Often the answer to this question is no: people spend much of their waking time in mental focus that alternates between future and past. But does this matter at all? Is it genuinely relevant whether we mentally occupy the present, or not?
It does if quality of life has much importance. Mentally occupying the past tends to bring on responses of regret and sadness, and can also trigger depression. Mentally occupying the future tends to bring on responses of anxiety and fear, and feeling overwhelmed.
Being outside of the present also reinforces an experience of chronic lack. The peace and contentment that every person would like to have is perceived as something that will be found in the future, or something that existed in the past. It’s chasing after the phantom called happiness, and never finding it and / or being able to hold on to it for long.
What about the present then? What’s so special about it? What is found there?
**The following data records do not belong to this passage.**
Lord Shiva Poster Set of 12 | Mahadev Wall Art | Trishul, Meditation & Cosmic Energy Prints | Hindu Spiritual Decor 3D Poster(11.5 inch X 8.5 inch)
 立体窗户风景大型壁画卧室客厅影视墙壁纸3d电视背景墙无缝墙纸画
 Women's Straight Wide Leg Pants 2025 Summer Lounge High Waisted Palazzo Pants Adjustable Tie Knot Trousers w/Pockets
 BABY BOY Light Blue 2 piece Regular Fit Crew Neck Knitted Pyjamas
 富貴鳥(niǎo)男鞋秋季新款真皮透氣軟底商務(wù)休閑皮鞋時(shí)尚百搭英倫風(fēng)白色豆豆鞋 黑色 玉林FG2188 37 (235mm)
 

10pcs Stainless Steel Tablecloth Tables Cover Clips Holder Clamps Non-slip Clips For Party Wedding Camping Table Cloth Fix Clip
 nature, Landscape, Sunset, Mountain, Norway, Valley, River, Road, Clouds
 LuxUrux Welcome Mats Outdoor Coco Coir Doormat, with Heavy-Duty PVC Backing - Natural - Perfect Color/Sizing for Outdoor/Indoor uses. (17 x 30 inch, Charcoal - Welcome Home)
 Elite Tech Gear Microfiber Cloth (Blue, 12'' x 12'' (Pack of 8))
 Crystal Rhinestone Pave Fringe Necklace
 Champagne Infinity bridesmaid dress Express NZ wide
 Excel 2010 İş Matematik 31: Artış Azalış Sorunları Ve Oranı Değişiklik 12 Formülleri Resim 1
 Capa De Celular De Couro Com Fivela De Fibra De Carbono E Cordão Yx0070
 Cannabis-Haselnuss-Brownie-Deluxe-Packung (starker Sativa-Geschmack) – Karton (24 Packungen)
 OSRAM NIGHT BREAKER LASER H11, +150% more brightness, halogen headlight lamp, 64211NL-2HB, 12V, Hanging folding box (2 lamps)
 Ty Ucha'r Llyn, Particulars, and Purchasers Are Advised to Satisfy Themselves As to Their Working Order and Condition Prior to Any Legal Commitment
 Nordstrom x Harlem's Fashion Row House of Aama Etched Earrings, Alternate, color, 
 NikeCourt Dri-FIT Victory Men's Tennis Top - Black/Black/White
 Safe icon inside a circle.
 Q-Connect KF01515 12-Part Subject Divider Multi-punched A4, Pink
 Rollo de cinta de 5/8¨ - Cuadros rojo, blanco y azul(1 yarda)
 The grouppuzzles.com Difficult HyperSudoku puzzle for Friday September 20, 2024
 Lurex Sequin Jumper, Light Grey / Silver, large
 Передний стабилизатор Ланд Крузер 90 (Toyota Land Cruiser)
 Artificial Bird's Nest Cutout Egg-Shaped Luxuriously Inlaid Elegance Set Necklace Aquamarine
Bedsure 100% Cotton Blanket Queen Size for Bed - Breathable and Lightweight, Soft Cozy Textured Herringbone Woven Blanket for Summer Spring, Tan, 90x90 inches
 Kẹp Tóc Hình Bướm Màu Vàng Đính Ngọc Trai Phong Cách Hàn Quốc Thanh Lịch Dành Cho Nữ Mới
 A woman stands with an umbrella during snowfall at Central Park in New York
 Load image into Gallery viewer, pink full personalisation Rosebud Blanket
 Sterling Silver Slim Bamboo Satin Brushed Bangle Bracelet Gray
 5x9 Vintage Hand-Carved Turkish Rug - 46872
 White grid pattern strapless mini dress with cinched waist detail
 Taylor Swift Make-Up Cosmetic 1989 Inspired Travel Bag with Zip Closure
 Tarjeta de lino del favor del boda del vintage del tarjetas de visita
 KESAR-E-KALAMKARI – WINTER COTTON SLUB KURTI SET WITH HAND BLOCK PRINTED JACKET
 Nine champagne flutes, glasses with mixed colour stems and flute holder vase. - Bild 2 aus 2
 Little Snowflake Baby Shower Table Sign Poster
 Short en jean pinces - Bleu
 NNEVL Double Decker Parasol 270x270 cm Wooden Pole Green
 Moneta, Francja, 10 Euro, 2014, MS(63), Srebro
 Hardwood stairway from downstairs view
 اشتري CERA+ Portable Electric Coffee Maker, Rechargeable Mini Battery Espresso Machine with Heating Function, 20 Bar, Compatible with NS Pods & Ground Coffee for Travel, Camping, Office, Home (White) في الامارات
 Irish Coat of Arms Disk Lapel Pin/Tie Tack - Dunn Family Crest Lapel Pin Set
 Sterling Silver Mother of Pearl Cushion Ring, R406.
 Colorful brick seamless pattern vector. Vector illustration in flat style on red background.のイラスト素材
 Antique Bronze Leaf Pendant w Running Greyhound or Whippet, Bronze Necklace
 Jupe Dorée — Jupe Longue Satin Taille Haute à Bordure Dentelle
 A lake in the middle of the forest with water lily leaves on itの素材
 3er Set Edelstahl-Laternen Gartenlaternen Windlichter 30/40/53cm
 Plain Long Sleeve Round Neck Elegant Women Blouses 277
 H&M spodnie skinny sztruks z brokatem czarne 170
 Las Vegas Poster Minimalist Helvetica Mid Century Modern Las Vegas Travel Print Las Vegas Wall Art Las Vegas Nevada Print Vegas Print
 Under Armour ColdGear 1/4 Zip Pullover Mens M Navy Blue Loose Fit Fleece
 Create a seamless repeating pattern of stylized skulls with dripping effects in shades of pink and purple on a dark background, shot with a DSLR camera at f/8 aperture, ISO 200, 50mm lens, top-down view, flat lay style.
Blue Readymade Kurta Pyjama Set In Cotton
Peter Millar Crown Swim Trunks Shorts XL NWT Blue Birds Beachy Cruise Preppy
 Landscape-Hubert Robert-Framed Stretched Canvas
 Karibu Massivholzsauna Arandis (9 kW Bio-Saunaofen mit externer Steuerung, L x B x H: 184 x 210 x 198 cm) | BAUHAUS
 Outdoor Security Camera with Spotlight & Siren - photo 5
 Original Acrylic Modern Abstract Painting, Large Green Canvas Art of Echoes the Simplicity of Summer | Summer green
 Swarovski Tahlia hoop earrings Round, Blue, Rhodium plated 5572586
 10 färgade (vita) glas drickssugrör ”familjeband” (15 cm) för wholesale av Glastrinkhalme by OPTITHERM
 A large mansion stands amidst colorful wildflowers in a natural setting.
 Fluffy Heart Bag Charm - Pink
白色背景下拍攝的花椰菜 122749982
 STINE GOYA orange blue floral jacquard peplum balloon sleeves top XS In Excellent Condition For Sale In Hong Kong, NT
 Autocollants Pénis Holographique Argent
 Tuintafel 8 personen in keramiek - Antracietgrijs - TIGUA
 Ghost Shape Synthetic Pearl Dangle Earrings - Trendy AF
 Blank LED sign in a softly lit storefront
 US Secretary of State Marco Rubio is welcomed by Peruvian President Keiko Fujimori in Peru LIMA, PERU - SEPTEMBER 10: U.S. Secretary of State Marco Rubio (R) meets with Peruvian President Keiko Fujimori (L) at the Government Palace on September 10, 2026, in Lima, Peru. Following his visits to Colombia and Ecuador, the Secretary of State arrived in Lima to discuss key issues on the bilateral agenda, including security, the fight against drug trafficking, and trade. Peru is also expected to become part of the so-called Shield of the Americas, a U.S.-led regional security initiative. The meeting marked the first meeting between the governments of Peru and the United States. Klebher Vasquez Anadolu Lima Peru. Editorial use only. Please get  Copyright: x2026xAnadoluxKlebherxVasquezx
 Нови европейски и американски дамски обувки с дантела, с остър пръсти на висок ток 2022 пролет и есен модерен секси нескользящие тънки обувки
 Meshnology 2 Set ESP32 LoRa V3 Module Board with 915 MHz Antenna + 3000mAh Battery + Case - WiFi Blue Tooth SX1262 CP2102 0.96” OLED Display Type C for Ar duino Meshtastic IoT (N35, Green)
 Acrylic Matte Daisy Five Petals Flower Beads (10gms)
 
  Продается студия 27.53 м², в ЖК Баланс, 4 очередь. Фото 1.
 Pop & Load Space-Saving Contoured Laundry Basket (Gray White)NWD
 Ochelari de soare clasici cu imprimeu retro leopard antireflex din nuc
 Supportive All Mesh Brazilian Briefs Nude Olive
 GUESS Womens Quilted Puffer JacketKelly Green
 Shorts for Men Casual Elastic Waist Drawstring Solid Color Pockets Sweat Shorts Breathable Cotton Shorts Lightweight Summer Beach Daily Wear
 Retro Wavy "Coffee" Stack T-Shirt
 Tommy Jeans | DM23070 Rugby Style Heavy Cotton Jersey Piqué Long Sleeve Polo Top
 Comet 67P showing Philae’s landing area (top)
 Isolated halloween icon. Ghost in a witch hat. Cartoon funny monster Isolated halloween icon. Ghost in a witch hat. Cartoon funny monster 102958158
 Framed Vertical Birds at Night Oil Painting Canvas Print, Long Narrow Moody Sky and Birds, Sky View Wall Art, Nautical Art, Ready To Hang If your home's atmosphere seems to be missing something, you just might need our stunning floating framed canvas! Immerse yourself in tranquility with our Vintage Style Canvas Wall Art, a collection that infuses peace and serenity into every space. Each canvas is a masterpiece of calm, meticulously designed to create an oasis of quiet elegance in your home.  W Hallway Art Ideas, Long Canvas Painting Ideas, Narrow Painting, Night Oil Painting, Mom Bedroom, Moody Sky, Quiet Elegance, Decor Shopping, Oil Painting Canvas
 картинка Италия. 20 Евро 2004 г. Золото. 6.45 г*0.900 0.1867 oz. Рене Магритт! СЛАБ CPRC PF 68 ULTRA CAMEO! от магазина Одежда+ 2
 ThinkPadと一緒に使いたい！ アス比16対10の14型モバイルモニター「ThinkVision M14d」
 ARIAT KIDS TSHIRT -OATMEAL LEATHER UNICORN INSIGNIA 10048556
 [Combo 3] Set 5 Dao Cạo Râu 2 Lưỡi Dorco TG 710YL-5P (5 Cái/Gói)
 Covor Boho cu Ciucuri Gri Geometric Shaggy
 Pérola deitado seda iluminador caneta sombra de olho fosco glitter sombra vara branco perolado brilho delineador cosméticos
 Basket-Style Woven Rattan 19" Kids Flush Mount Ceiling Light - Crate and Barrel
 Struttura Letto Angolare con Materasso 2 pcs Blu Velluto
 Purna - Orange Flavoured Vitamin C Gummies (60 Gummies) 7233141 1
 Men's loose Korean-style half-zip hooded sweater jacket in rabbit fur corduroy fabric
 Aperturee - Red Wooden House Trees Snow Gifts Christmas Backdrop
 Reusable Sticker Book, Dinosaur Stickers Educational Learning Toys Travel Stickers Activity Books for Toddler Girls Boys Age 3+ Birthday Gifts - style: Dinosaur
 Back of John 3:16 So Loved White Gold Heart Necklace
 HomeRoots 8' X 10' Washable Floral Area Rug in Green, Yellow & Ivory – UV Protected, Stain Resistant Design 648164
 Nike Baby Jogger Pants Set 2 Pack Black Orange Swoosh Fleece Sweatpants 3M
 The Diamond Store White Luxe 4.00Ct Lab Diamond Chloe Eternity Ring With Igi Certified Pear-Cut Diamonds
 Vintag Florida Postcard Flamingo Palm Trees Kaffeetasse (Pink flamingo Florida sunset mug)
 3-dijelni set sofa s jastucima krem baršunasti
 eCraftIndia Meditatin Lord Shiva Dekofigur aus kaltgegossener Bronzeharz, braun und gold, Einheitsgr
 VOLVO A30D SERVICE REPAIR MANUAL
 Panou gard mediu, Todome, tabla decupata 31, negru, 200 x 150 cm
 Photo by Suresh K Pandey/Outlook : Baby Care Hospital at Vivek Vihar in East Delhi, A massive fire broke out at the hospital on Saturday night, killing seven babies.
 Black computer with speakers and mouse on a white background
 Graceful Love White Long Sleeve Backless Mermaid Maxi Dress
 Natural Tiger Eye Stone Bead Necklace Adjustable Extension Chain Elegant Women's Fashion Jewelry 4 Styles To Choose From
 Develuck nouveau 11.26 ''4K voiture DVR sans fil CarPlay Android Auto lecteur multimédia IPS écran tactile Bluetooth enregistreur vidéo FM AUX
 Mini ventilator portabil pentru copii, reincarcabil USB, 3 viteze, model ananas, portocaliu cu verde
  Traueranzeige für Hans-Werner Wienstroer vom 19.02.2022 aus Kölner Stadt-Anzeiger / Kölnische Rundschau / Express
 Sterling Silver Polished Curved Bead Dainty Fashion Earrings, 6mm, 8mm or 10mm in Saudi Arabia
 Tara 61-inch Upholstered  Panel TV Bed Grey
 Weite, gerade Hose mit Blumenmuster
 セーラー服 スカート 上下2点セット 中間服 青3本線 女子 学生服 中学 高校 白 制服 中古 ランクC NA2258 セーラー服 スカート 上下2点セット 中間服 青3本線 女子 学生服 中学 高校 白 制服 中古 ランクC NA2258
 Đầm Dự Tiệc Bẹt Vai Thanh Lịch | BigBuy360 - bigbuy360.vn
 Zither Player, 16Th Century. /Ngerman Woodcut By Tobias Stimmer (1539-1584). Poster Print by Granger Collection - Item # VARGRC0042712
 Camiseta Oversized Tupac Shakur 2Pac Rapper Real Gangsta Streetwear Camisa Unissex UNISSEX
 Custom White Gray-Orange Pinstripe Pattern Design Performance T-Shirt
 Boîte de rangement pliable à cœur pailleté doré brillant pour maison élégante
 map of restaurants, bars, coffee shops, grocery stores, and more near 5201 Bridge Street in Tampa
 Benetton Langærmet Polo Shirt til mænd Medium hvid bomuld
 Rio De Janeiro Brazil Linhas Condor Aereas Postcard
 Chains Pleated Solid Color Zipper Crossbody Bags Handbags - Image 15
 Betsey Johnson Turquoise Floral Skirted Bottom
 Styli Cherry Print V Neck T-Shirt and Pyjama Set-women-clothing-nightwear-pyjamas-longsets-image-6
Being fully in the present amounts to having mental focus fully in the time space called now. The mind is not engaged in chatter or visualizations about unhappy past or stressful future. The mind is often quiet and at rest within the now, and is simply an observer of the life experience flowing from one now moment to the next now moment — no judgment of what happens, no analysis, no trying to grab hold.
When the mind is quiet like this a deep, extraordinary state of ease and peace comes into awareness. This state is referenced in various spiritual writings, including Biblical references …the peace that surpasseth all understanding… and …be still and know that I am God…This peace state is not an anomaly; in fact it is our authentic state. We do not know it typically because this authentic state is shut off behind a wall of mind output.
When we are present, when the mind is quiet, we regain connection with this authentic state and so have peace and contentment, but also have access to the spiritual energy and powers this presence brings.
Be still — be present — and know God.